# The Night Before



## Coffeejunkie (May 17, 2012)

KGolden said:


> How can I keep their legs clean the night before ? Both have white stockings . What's your little tip on horses with white markings the night before of a show ?
> 
> Also, Taco had rubbed off a good part of her mane awhile ago and it's only about 3 inches long while the rest of her mane is about 8 inches . And it stands straight up no matter how many times I brush it . Any idea to make it lay flat ?
> Thanks
> _Posted via Mobile Device_


white legs: 
A: tie them up overnight (with access to water, within reasonable heights etc)
B: wash them the morning of the show
get some corn starch to use the day of the show.

As far as the mane, since you are showing in both, you should be doing your mane for what your horse excels in.

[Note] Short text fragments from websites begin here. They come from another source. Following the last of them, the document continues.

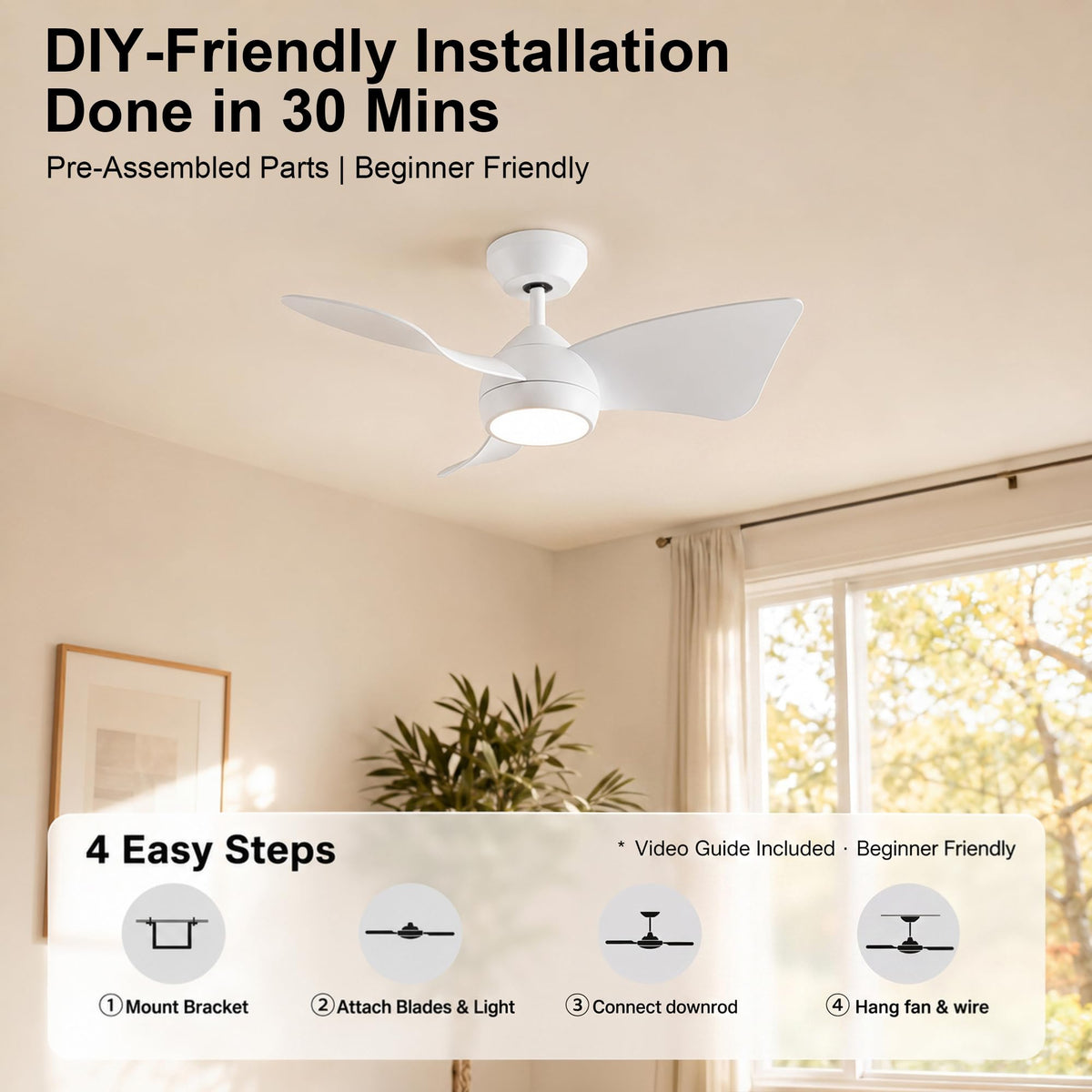 2 Pack 30" Small Ceiling Fan with Light (White / 30 Inch)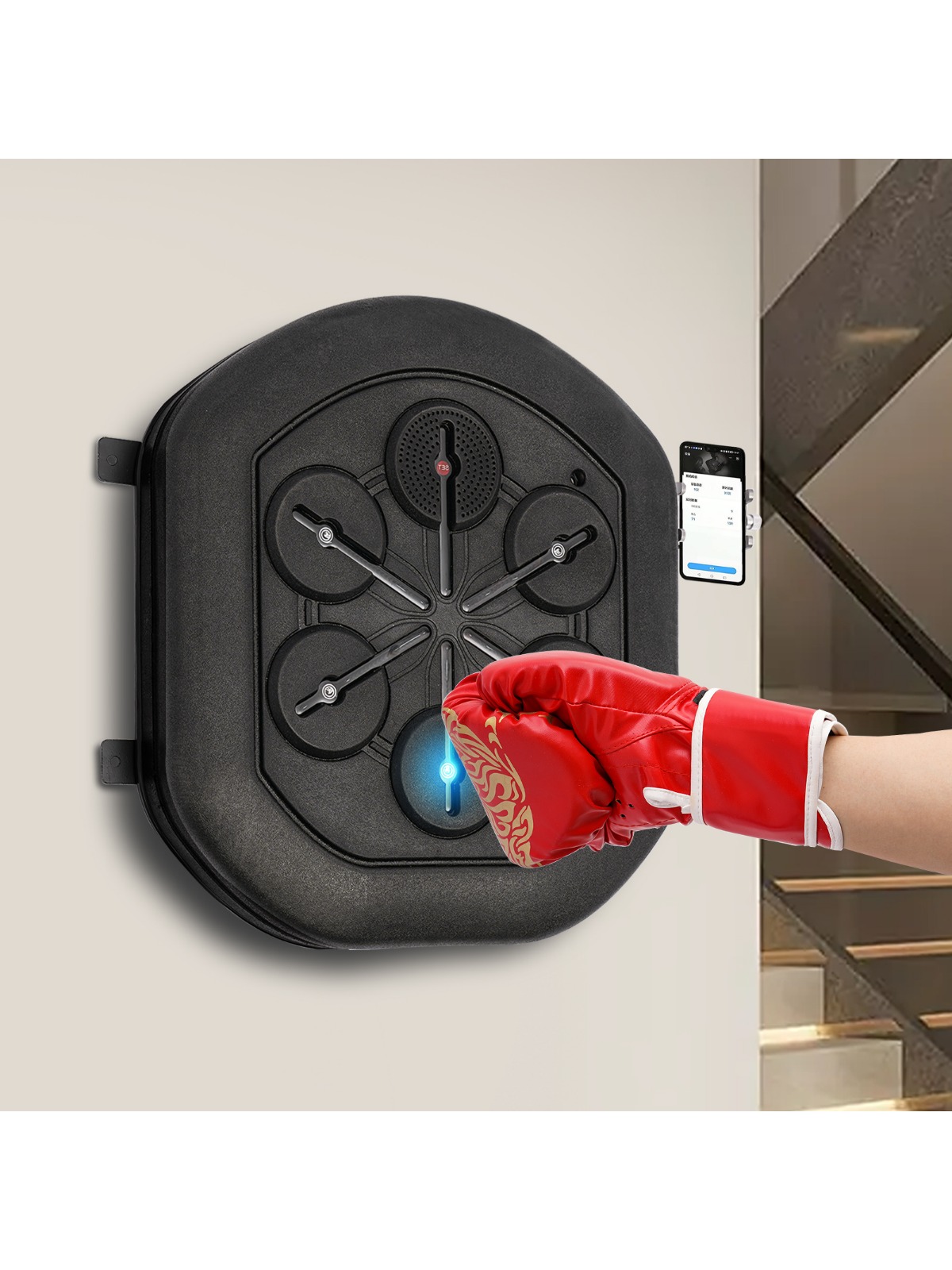 Led Gloves Music - Smart Music Boxing Machine with Bluetooth,Wall-Mounted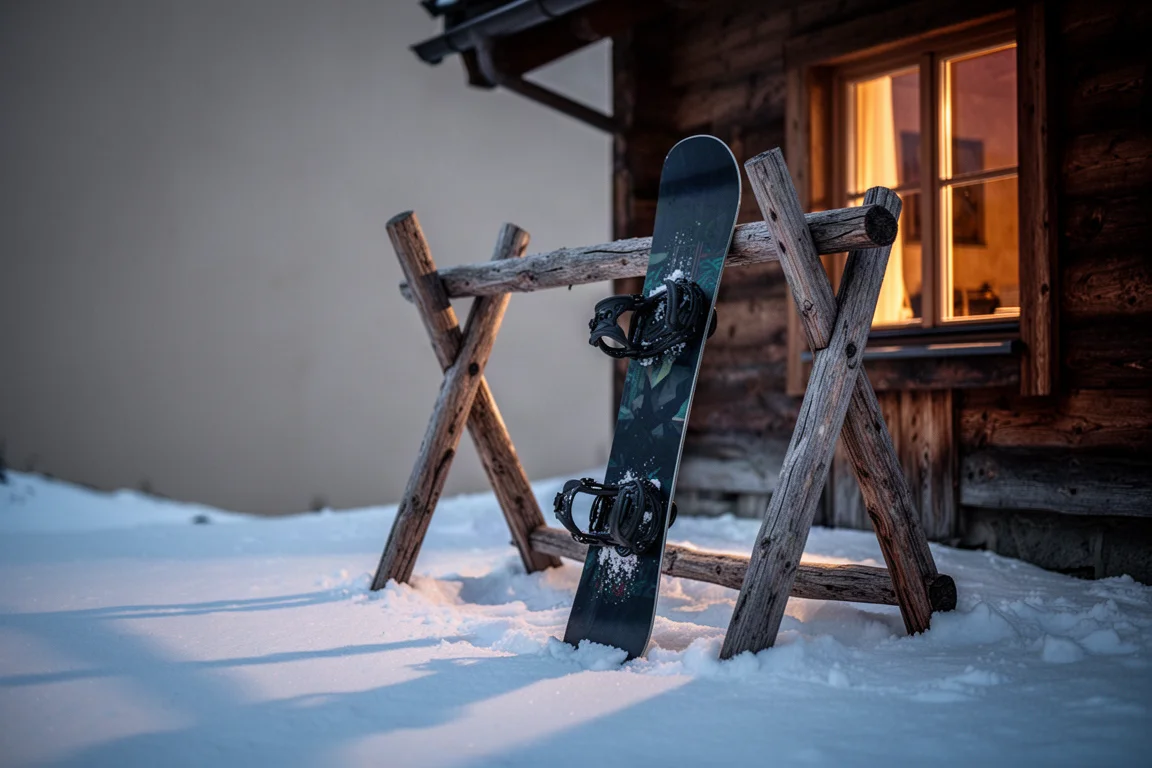 Snowboard mit Bindings lehnt in der Abenddämmerung an einem Holzregal vor einer Hütte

If your horse is better at western- band (the mane should be no longer than 3-4 fingers width). If your better in the English classes-braid. Then put a sleazy over your hard work, and make sure you leave time in the morning to fix any that get knocked out of place.


----------



## Hoofprints on my heart (Apr 27, 2011)

I always get to the barn early to make sure that my horses stockings are white. I always get to the show super early and just do them there, I suggest Corn Starch, whitining shampoo, and a spray on whiteing it helps the best. 
For the mane, Hair gel! Its my lifesaver and it helps to keep the braids or bands laying flat on the side of the horses head.
The night before I suggest braiding your horses tail (just a regular braid) starting from under the tail bone and continuing down till the end. It helps keeping dirt out of the beuftiful tail. At the showgrounds take the braids out and brush through, just make sure to not make the braids super tight or your going to have wavy tails. 
I Hope this helps =)


----------